ACTION ITEM
The lines to copy are those in the listing below that contain the word "Sheet".

↓↓↓

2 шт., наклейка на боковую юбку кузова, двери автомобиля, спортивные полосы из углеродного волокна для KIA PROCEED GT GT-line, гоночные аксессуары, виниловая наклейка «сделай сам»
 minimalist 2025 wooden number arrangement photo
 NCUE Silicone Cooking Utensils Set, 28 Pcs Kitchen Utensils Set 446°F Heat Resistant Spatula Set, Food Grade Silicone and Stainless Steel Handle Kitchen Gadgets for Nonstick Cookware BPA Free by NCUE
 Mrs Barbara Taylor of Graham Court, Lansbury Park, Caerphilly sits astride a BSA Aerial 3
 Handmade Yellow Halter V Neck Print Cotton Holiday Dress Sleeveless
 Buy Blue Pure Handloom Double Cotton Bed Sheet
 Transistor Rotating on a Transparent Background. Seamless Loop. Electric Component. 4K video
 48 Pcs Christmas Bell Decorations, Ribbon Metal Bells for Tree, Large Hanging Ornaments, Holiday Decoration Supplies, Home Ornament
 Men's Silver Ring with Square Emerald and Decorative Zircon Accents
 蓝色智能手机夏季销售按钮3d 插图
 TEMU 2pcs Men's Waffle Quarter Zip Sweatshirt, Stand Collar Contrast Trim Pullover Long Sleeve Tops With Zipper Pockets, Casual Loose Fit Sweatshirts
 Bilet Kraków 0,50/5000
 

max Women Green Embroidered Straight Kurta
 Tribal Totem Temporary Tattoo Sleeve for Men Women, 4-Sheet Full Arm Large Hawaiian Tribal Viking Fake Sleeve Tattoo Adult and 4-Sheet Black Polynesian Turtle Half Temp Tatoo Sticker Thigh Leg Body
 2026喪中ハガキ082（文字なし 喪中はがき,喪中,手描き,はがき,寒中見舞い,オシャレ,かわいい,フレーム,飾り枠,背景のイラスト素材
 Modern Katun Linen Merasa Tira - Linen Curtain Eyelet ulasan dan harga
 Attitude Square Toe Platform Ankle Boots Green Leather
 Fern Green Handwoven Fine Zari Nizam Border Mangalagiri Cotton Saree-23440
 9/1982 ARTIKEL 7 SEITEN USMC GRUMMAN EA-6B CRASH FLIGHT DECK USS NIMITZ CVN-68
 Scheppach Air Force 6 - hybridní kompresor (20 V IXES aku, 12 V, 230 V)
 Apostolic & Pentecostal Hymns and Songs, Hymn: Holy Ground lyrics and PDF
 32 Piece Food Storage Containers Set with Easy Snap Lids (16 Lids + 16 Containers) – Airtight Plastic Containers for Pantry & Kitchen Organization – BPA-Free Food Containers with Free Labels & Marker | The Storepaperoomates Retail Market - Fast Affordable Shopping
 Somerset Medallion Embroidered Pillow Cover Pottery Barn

↑↑↑

RESPONSE FOR THIS EXERCISE
 Buy Blue Pure Handloom Double Cotton Bed Sheet
 Tribal Totem Temporary Tattoo Sleeve for Men Women, 4-Sheet Full Arm Large Hawaiian Tribal Viking Fake Sleeve Tattoo Adult and 4-Sheet Black Polynesian Turtle Half Temp Tatoo Sticker Thigh Leg Body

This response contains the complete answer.